Logo ele voltou carregando uma bandeja com um grande copo de um liquido escuro com gelo, a coca (eu devia ter pedido sem gelo, sempre vem menos coca quando tem gelo), e um copo médio com um liquido branco como leite, eu não entendia, como o João podia gostar de ir naquele lugar só para beber leite?



O garçom colocou os pedidos a nossa frente e se retirou.



_ É para cá que eu sempre venho quando to com tempo livre _ ele disse e deu um pequeno gole na bebida _ ou quando quero fugir do seu pai.



Por um instante eu fique me perguntando por que ele iria querer fugir do meu pai, mas ai, me lembrei que o pai que ele estava falando não era o Julius e sim do irmão dele.



_ Mas ele deve saber que você estar aqui quando não te encontra em lugar algum _ eu disparei dando um gole igualmente pequeno na minha bebida, afinal eu tinha acabado de comer, meu estomago ainda estava cheio.



_ Eu sei _ ele respondeu ainda segurando o copo no ar _ mas é que aqui ele não poderia me matar _ e ele deu outro gole na bebida _ teria testemunhas, sabe? _ e ele deu um sorrisinho de canto de boca.

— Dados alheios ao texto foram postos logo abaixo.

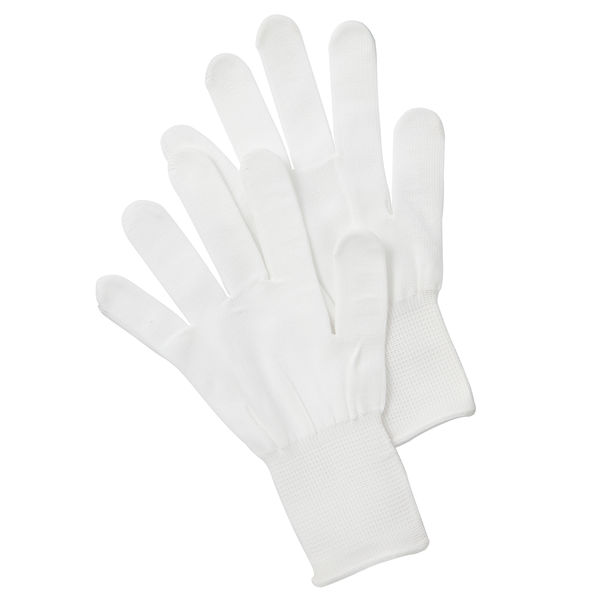【現場のチカラ】作業用手袋(ノンコート)　インナー手袋　ホワイト　Sサイズ　1袋(10双入)　川西工業　 オリジナル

Ficamos em mais silencio. Eu dei uma olhada no bar mais uma vez e reparei que havia uma pequena TV na parede que ficava atrás do balcão, nela passava a reprise do meu seriado favorito, Família Twist*, sempre gostei desse tipo de seriado (o Pete é o meu personagem favorito, só para constar) é um seriado antigo eu sei, mas o que é que eu podia fazer?



Logo o lugar já não me chamava mais atenção então voltei para a questão “por que ir a um bar para beber leite?”



_ O que é isso? _ eu perguntei me recusando a acreditar que aquilo fosse leite.



_ Leite de camelo _ ele, simplesmente, falou olhando para as mesas de sinuca.



Então aquilo era realmente leite, mas de camelo, o que me deixou confusa, eu pensei que quem dava leite era a camela.



_ Deixa eu provar? _ eu perguntei curiosa e sem esperar pela resposta dele eu peguei o copo, que estava encima da mesa, e dei um gole.



Como ele estava distraído olhando para a sinuca, ele não percebeu meu movimento até que eu já estivesse com o copo na boca ingerindo o liquido.



_ Não! _ ele falou exasperado, mas já era tarde.



Vou te contar uma coisa: que negocio ruim! Aquele troço desceu queimando pela minha garganta e esôfago e chegou borbulhando no meu estomago, aquilo era quente, mas como podia, tinha gelo no copo. Eu fiz uma careta como se tivesse chupado limão, o que levou o João as gargalhadas.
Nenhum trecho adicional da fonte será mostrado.